The boundary of the mandelbrot set can be thought of as a set of bifurcation points, each bifurcation point represents a stable orbit, the stable orbit takes up a small space so variations of it allow an expanded attraction basin, these are seen as the disks that sit off the main cardoid. The stable orbits can be equally considered to be polygons.
From the first disk clockwise towards the real axis the largest disks come off at the main bifurcation points that represent orbits that are: a line, a triangle, a quadrilateral, a pentagon, hexagon etc. They aren't regular polygons. Other smaller disks appear at stars and more complex polygons.

A 3d equivalent of the boundary would be a set of points that represent the stable polyhedrons that exist. Thus you may expect the bulbs to appear at a plane, tetrahedron, cube, octahedron etc.
In order for an iteration to trace out a plane it needs to operate with a full orientation and the iteration needs to branch, in fact produce two children each iteration to represent the 2 dimensions of the surface of a polyhedron. Inside would be if all branches stay bounded.
An equivalent of the mandelbrot would also have universal properties, one necessary condition seems to be the doubling of the angle.

What would such a set look like? well you would expect offshoot bulbs at distorted versions of all the regular polyhedrons and stellated polyhedrons. It seems like the number of bulbs will be far fewer as stable polyhedrons are rarer than polygons. It also seems like the large bulbs will be finite in size, so the surface will be quite different to the mandelbrot set.

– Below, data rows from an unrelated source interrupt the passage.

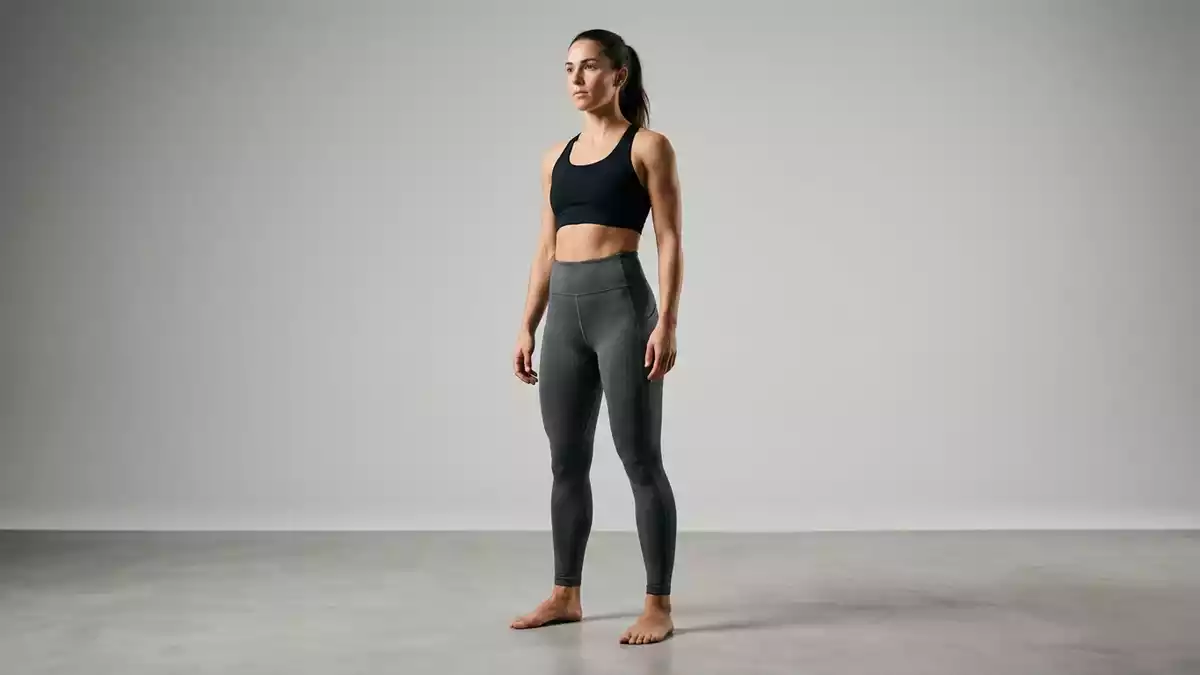 Fotorealistische Studioansicht von Sporttights in neutraler Produktdarstellung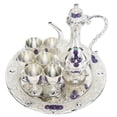 thumbnail image 1 of Wine Glass Pot Set, Exquisite Decorative Alloy Wine Glass Pot Set Rustproof Wine Glass Pot Set For Home Party Wedding, 1 of 8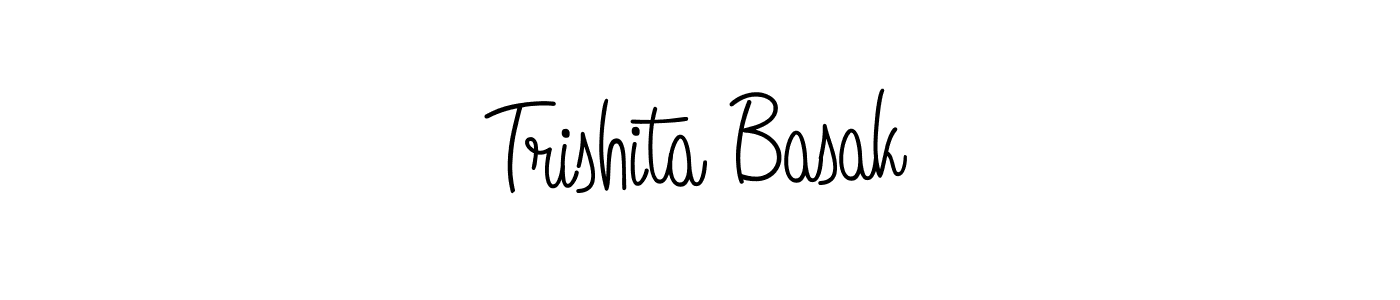 Use a signature maker to create a handwritten signature online. With this signature software, you can design (Angelique-Rose-font-FFP) your own signature for name Trishita Basak. Trishita Basak signature style 5 images and pictures png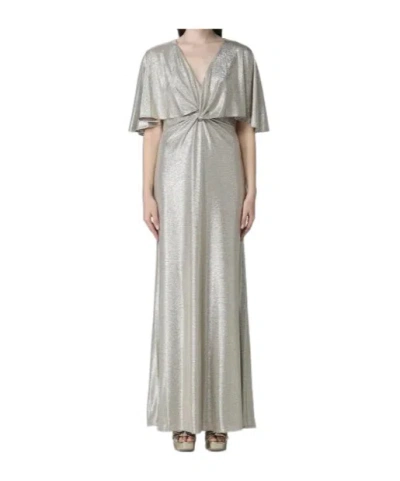 Polo Ralph Lauren Metallic Twisted Cape Gown In Gray
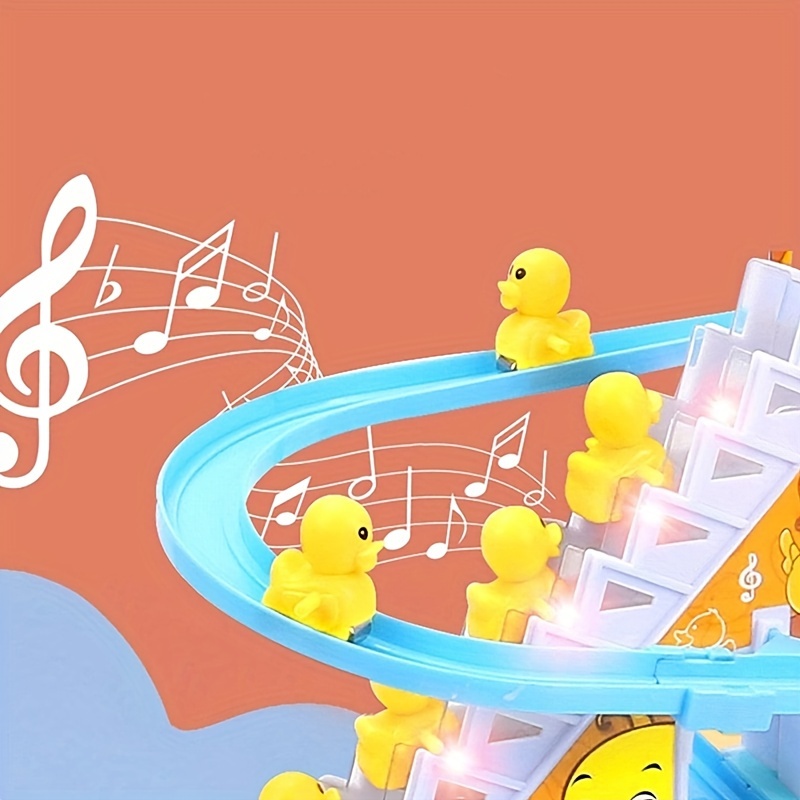 6pcs ducklings climbing stairs toy electric slide yellow duck toy toys for boys and girls holiday gift light and music toy easter gift halloween christmas gift details 7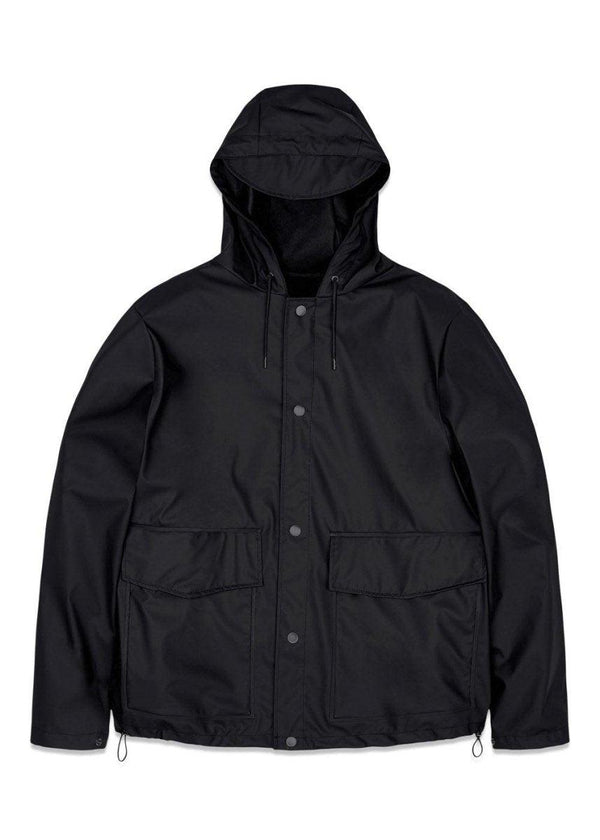 Rains' Short Hooded Coat - Black. Køb regnjakker her.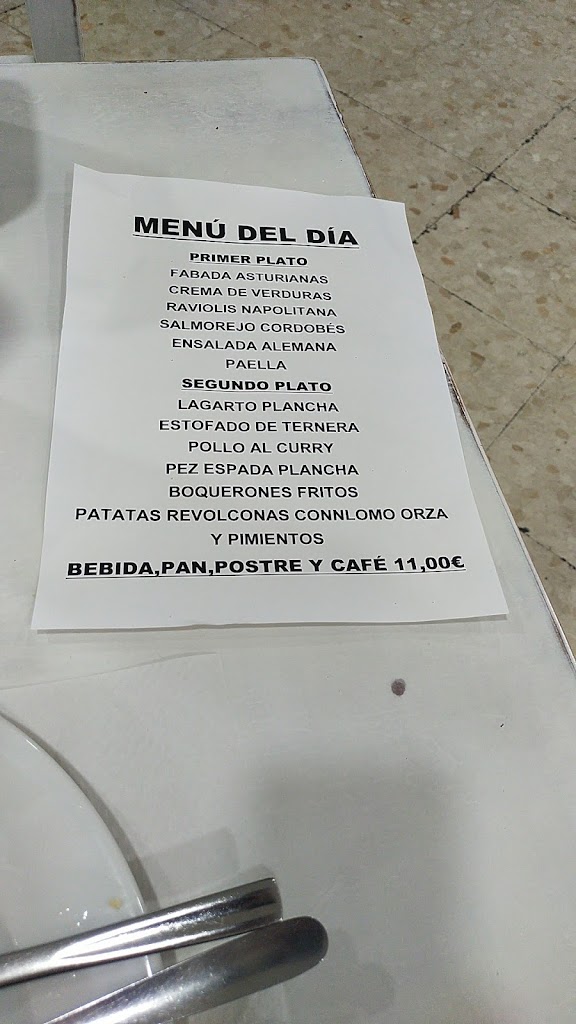 Restaurante La Huerta — Carta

Here is an attempt at the formula, which at least gives an indication of how such a mandelbrot might be constructed:

Julia set:
The julia branching iteration requires a rotation for each branch, which is 2 quaternions, so the map is 8D.
branch1: q1 = q1*q1 + c; q2 = q2*q1 + c;
branch2: q1 = q1*q2 + c; q2 = q2*q2 + c;

The idea is that each iteration the orientation (representing an polyhedron face) is rotated in two different directions, deformed versions of all platonic solids should be possible from this if c=0. If not then this formula is wrong.

Mandelbrot set:
the 4d set of points c for which the corresponding julia set is connected

A problem with this is that the set is intractable, the computation doubles each iteration.

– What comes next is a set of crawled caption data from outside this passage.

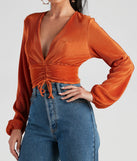 Posh And Pleated Long Sleeve Crop Top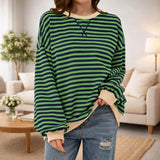 Esther™- Stripete Casual Genser med Rund Hals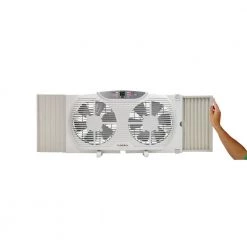 Lasko 9 in. Remote Control Electronically Reversible Twin Window Fan with Thermostat -Fans Shop white lasko window fans w09550 44 1000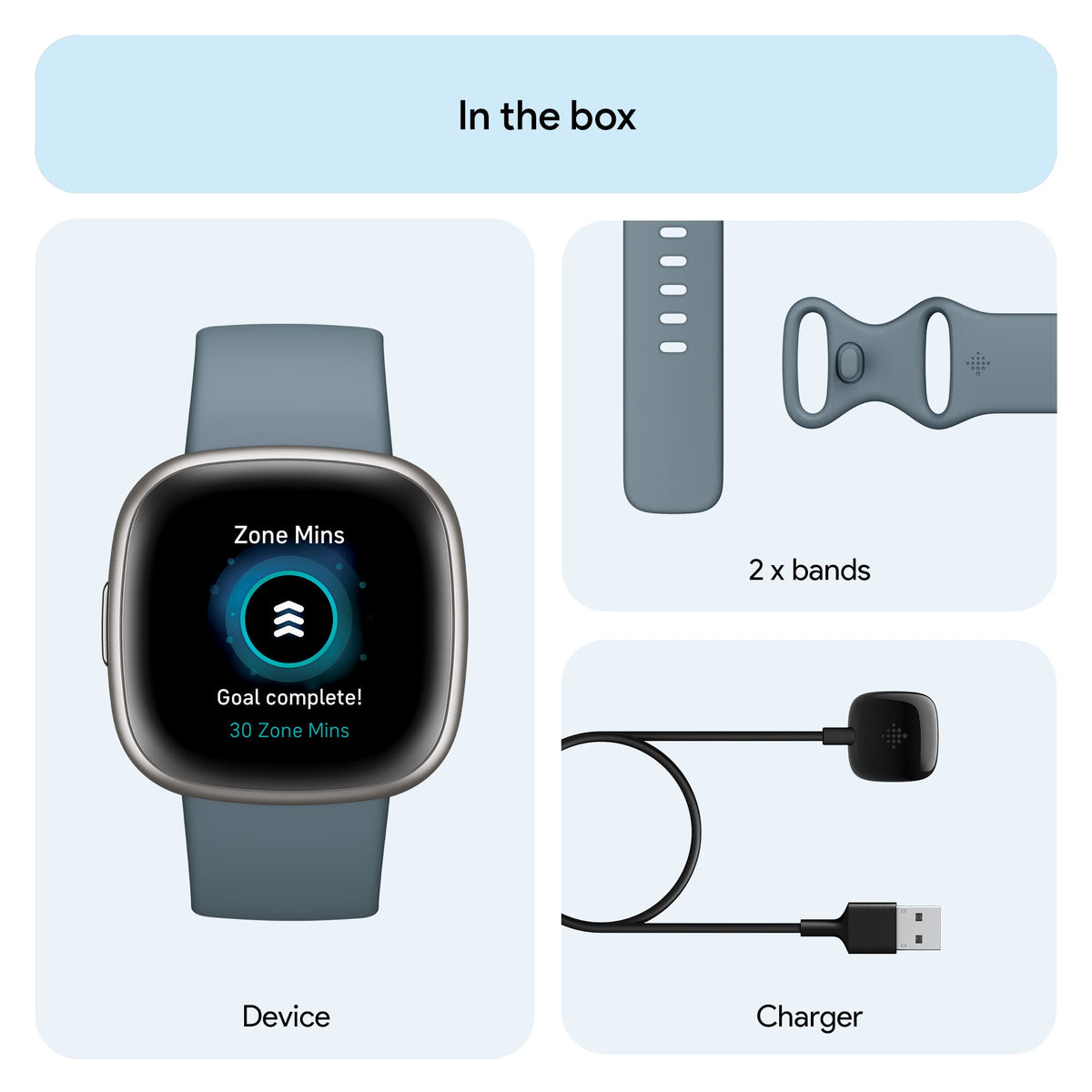 Google Fitbit Versa 4 Fitness Smartwatch, Waterfall Blue/Platinum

Another construction may be mathematically simpler and in this way may be more likely to be the correct extension...
Instead of quaternion pairs you operate on octonions O, so the julia set needs to produce two versions of O^2 (for branch1 and branch2), the first uses just the octonion multiply. The second is the octonion multiply but with the first 4 and last 4 components swapped. This recognises the fact that the octonion is two quaternions that have equal precedence.